Gemileri öyle yakıyor ki, âşık olduğu kız arkadaşını bile bırakıyor.
Kendini New York uçağına atıyor. Uçak boş; bir ara ona doğru yürüyen bir sima ile göz göze gelip, gayri ihtiyari selam veriyor. Yaşlı bey soruyor “Nereden tanışıyoruz delikanlı?” diye. “Siz beni tanımazsınız ama ben sizi fark edince gayri ihtiyari selam verdim,” diyor. Sohbet ediyorlar.
Neden New York’a gittiğini, neden gemileri yaktığını anlatıyor. Adam onu daha yakından tanımak istiyor, “Yaptığın işleri görebilir miyim?” diye soruyor. Emrah Yücel çantasından bir dosya çıkarıyor. Kendisine uzatıyor, o dosyayı alıp gidiyor adam.
Uçak, New York üzerinde alçalırken tekrar yanına geliyor. “Yaptığın işleri beğendim ama bir şeye de çok üzüldüm,”diyor. “Sen bu ülkede büyümüş bir ağaçsın, köklerin bu ülkeden beslenmiş ama meyvelerini vermeye oraya gidiyorsun.”
“O adam rahmetli Sakıp Sabancı’ydı. Bu sözü 17 yıl boyunca, dramatik bir dipnot olarak hep aklımda kaldı,” diyor Emrah Yücel.

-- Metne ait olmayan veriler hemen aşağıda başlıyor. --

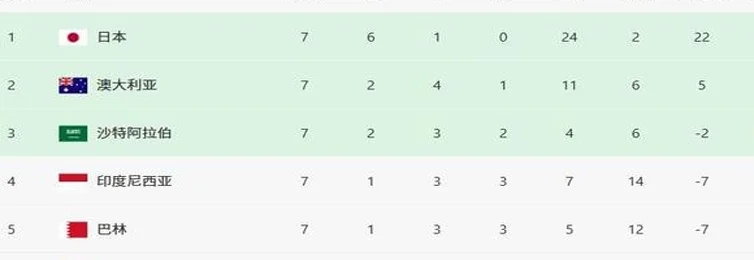 国足0比1沙特，18强赛C组最新排名出炉，争二争四形势大变相关图二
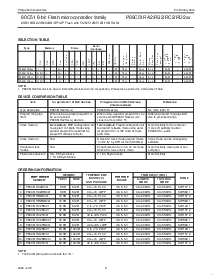 ͺ[name]Datasheet PDFļ3ҳ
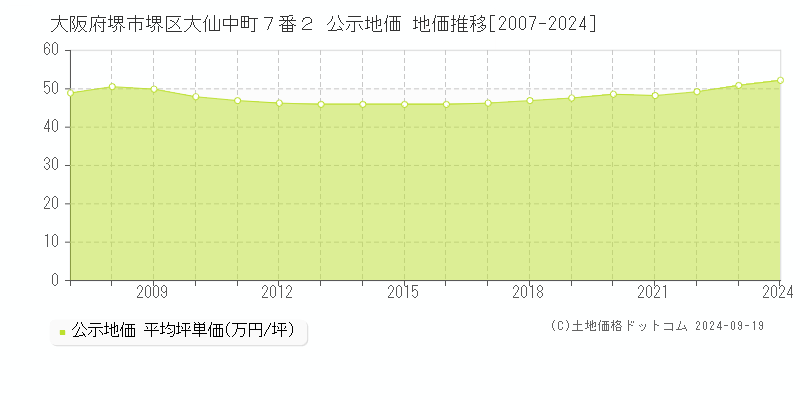 大阪府堺市堺区大仙中町７番２ 公示地価 地価推移[2007-2024]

Belki de bu yüzden meyvelerini Türkiye için vermeye çoktan başlamış. Onu ‘afişlerin efendisi‘ olarak tanıyoruz ama o aslında çok yönlü bir ‘görsel iletişim düşünürü‘. Sosyal medyada strateji üreten, Türkiye’nin dünyadaki marka değerini yükseltmek için çalışan, Hollywood filmlerinin Türkiye’de çekilmesi için lobi yapan bir ekibin orkestra şefi.
Hollywood filmlerinin Türkiye’de çekilmesi için lobi yapan bir ekibin orkestra şefi
Bugün Los Angeles’in merkezindeki şirketinde iş görüşmesine gelen Türk gençlerine soruyor: “Hayalin ne?” Aralarından “Emrah Yücel olmak istiyorum,” diyenler de çıkıyormuş, o zaman yine soruyor: “Peki gemileri yakmaya hazır mısın?”